Seruan untuk mereformasi sistem internasional mendominasi Sidang Umum ke-79 Perserikatan Bangsa-Bangsa (PBB) di New York,AS (24-29 September 2024), ketika para pemimpin dunia dan menteri luar negeri menyoroti ketidakmampuan lembaga-lembaga global dalam menangani konflik yang sedang berlangsung, krisis kemanusiaan, dan tantangan ekonomi. /ANTARA/Anadolu/py

Jakarta, aktual.com – Presiden Prabowo Subianto diagendakan menyampaikan pidato dalam sesi debat umum pada Sidang ke-80 Majelis Umum Perserikatan Bangsa-Bangsa (PBB). Presiden menegaskan berkali kali Indonesia mendukung kemerdekaan Palestina dan menolak penjajahan oleh Israel.

Anggota Komisi I DPR RI Taufiq R Abdullah, menegaskan bahwa bangsa Indonesia, baik rakyat, DPR, pemerintah, maupun berbagai elemen bangsa, tidak melihat isu Palestina semata-mata dari sudut pandang agama. Ia menekankan bahwa dukungan terhadap kemerdekaan Palestina datang dari semua golongan dan keyakinan di Indonesia, namun atas dasar kemanusiaan dan UUD 45.

“Pertama, Indonesia tidak melihat Palestina dari aspek agama. Semua agama di Indonesia mendukung bahwa Palestina harus segera diakui kemerdekaannya,” ujar Taufiq dikutip dari laman dpr.go.id, minggu (21/9)

Politikus PKB ini menambahkan bahwa secara de facto, Palestina sebenarnya telah merdeka. Namun, status kemerdekaan tersebut belum diakui secara resmi oleh banyak negara di dunia. Dalam hal ini, Taufiq merujuk pada hasil pemungutan suara di Majelis Umum Perserikatan Bangsa-Bangsa (PBB) di mana sebanyak 142 negara menyatakan dukungannya terhadap pengakuan kemerdekaan Palestina.
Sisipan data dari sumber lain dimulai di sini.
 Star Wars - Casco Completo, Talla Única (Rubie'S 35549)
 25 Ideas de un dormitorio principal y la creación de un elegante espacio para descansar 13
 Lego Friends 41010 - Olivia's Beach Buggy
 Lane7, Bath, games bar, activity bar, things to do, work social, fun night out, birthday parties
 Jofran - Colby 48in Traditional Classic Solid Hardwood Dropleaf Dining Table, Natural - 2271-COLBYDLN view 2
“Ini artinya, Palestina telah diakui oleh mayoritas bangsa di dunia,” tegasnya.

Namun ia pun menyoroti peran beberapa negara besar di PBB yang masih berupaya menggagalkan pengakuan resmi tersebut melalui hak veto. Menurutnya, dominasi negara-negara kuat secara ekonomi dan politik dalam proses pengambilan keputusan di PBB sudah saatnya dikaji ulang.

“Yang harus diperbaiki adalah struktur PBB itu sendiri, terutama terkait hak keanggotaan dan pengambilan keputusan. Tidak bisa negara-negara besar terus mendominasi dan memveto suara mayoritas,” jelasnya.
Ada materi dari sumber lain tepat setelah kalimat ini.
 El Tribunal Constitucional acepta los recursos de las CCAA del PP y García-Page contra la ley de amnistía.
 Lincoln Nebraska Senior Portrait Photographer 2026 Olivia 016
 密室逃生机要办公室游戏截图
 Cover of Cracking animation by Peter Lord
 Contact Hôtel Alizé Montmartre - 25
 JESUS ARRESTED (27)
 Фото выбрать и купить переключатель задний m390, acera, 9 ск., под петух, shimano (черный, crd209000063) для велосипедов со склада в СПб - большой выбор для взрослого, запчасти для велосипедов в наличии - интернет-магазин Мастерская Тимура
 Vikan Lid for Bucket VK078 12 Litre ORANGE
Atas dasar itu ia berharap, seluruh kepala negara di dunia untuk bersatu memberikan tekanan terhadap negara-negara kuat tersebut, agar mekanisme pengambilan keputusan di PBB benar-benar mencerminkan suara mayoritas anggota.
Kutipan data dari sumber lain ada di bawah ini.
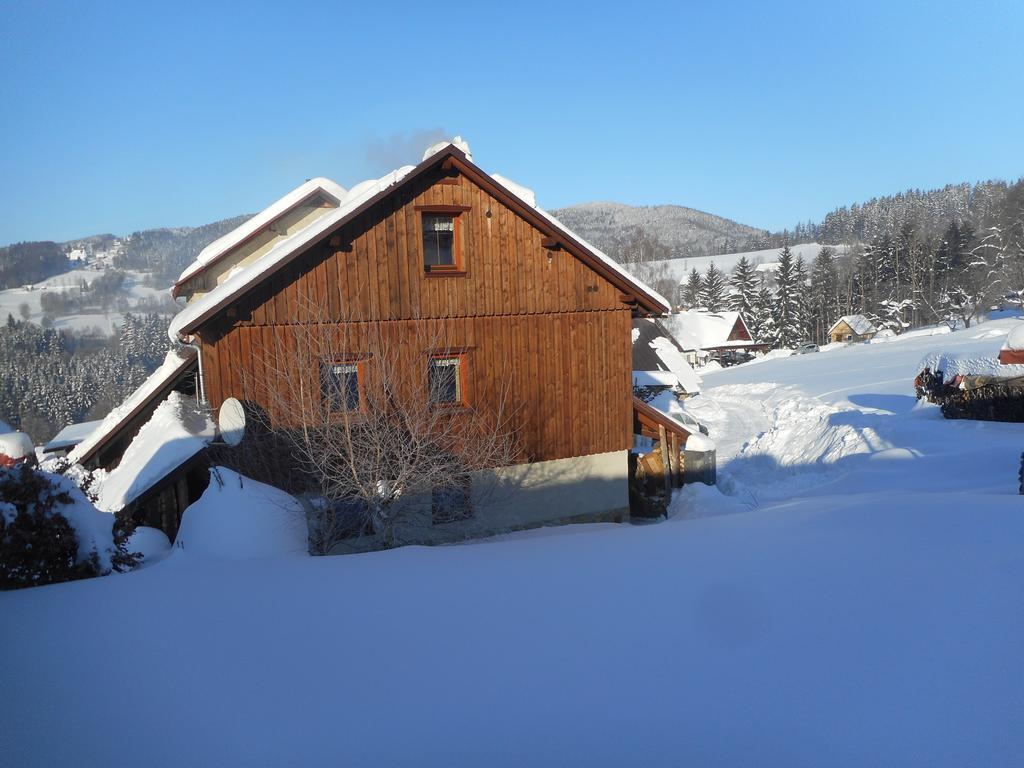 Chalupa Vecernik Rokytnice nad Jizerou Exterior foto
“Saya kira, dengan langkah itu, keputusan PBB yang telah disetujui oleh 142 negara itu harus menjadi keputusan yang sah dan mengikat,” ucapnya.

Untuk diketahui, hanya ada lima negara pemilik hak veto di PBB, ke lima negra ini adalah anggota tetap Dewan Keamanan Perserikatan Bangsa-Bangsa (PBB) yaitu Amerika Serikat, Rusia, RRC, Prancis, Inggris.

Kelima negara ini memiliki hak istimewa untuk membatalkan (memveto) keputusan atau resolusi substantif apa pun yang diajukan di Dewan Keamanan PBB. Hak veto ini merupakan warisan dari Perang Dunia II.